It is set in the “Awajima Opera School.” Before you go Googling, you should know that there is no such place, and no such school. And, by the way, the word I translated as “opera” (“kageki”) does not actually mean “opera” in modern Japan. “Opera” is simply called “opera.” “Musicals” are simply called “myuujikaru.” “Kageki” is used pretty exclusively to refer to…well, to what is produced by a certain all-female musical theater troupe. There is also only one real “kageki school” in all of Japan, and that school is a part of the afore-not-mentioned troupe. Any Japanese person reading this manga would recognize what it is supposed to represent.
I’m not going to mention the name of that troupe. You could offer me a pile of gold–a veritable treasure mound–yet still would I refuse to name the All-Female Theater Troupe Which Must Not Be Named. Because a Shimura manga means pretty girls in love with other pretty girls, and if there is one thing which the A.F.T.T.W.M.N.B.N. does not like to be associated with, it is pretty girls in love with other pretty girls. A certain American scholar found that out the hard way when she wrote a (very good) book about the A.F.T.T.W.M.N.B.N. The A.F.T.T.W.M.N.B.N. is owned by a large and powerful corporation, and if you piss them off, they can make your life difficult. And the quickest way to piss them off is to imply that there is the slightest connection between the A.F.T.T.W.M.N.B.N. and pretty girls in love with other pretty girls.
You see, the A.F.T.T.W.M.N.B.N. had a…well, they had a “pretty-girls-in-love-with-other-pretty-girls” problem back in the day.
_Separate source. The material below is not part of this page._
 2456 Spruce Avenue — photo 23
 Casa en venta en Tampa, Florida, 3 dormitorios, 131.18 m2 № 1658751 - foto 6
I mean way back in the day. Nearly a century ago. It seems some the troupe’s prominent actresses were seen on multiple occasions in bars and other disreputable venues, wearing gentlemen’s attire, and accompanied by pretty girls with whom they seemed exceedingly…intimate. And then some passionate love letters were revealed. Reporters and editors of magazines and newspapers were shocked–shocked!–at these goings on, so naturally they proceeded to milk the story for all it was worth.
Which, at the time, was quite a lot. Because in gender-segregated pre-war Japan, where secondary education for girls (and the girls-only schools it entailed) was expanding rapidly, same-sex romance was a standard rite of passage for any modern schoolgirl. The fiction of Nobuko Yoshiya (for whom same-sex love was not a rite of passage, but rather a way of life) was enormously popular, as were illustrations like those below, which could be found on the pages of any girls’ magazine (such as Shöjo no tomo) worth reading.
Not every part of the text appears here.